SWW: So much of the work in a Handful of Dust directs our attention toward the at once eloquent and recalcitrant matter of the earth: Xavier Ribas’s fantastic series Nomads for instance, or Lewis Baltz’s Nevada to name just a couple. You talk in the essay about photographs “turning background into foreground, ground into figure.” How do you account for photography’s fascination with the vagaries and textures of the ground on which we walk, and its influence on other art practices?
DC: I think that comes with any lens-based image. It knows no hierarchy, it takes in the world whole, all at once, the desired stuff and the undesired stuff. It has a radical sense of contingency that always threatens to give intention the slip, and to tip the image into chaos. For photographers this is often a problem, until they learn to handle it. Baltz was very elemental about it, whereas a photographer like Lee Friedlander accepts the chaos, delicately marshalling it into a picture that can then contemplate it. Many of the earliest commentators on photography noticed its capacity to pick up all manner of little details without the ‘author’ having to fuss over their presence. Think of Fox Talbot noting how photography incorporates levels of detail that only the most pedantic painter would see fit to include. Moreover that very background condition often underpins the reality effect of photography. The nondescript, undesired extras we get in a picture actually have a vital role. This is why if you Photoshop all the unwanted stuff out of a photograph, it ends up not looking like a photograph. Well, what would a picture be if it was comprised entirely of the stuff we don’t usually want? What if the background was the foreground? That’s one way of understanding Dust Breeding: an image that turns photography’s unwanted marginalia into its very reason for being.
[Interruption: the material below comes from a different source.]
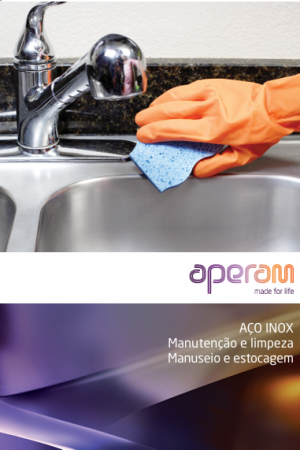 Aço Inox: Manutenção e Limpeza, Manuseio e Estocagem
SWW: It’s interesting to note the extent to which a lot of contemporary fine art photography now directs our attention reflexively back toward the digital substrate of modern images, and to the illusionistic relationship photographs establish to the material world. The dust now is the pixel in the screen rather than the mote hanging in the air…
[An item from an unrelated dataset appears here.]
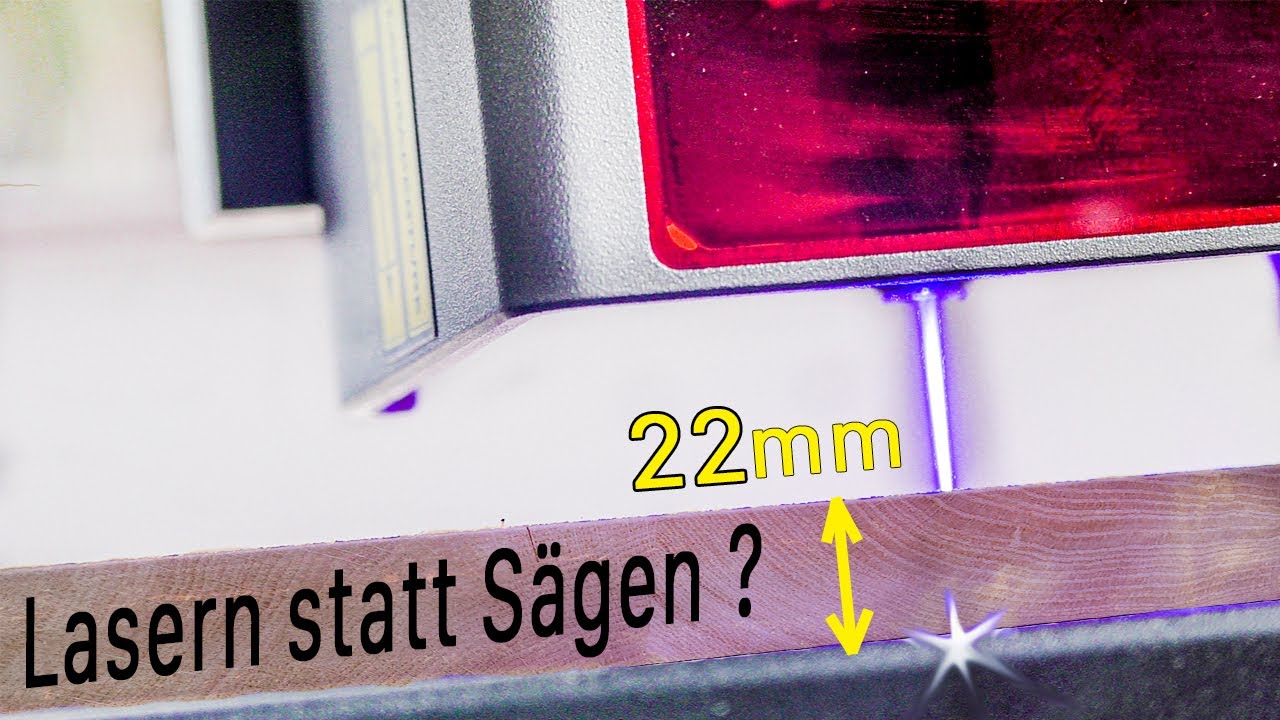 Lasern statt Sägen? | 22mm Holz mit einem Dioden Laser | Creality Falcon2 mit 22 Watt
DC: I’ve long been fascinated by the fact that photography became modern when it gave up its surface at exactly the same time painting was becoming modern by foregrounding its surface. To be honest there’s so much at stake in this I feel it deserves its own book! And I’m not sure I’m the one to write it. But I can’t help thinking that art photography’s current thrashing about in an attempt to articulate some sense of surface is another iteration of its long standing ambivalence about its essential surfacelessness. ‘Essential’ in the sense that an image formed by light has no materiality, and the substrate is always secondary, deriving from the attempt to fix it and make it manifest.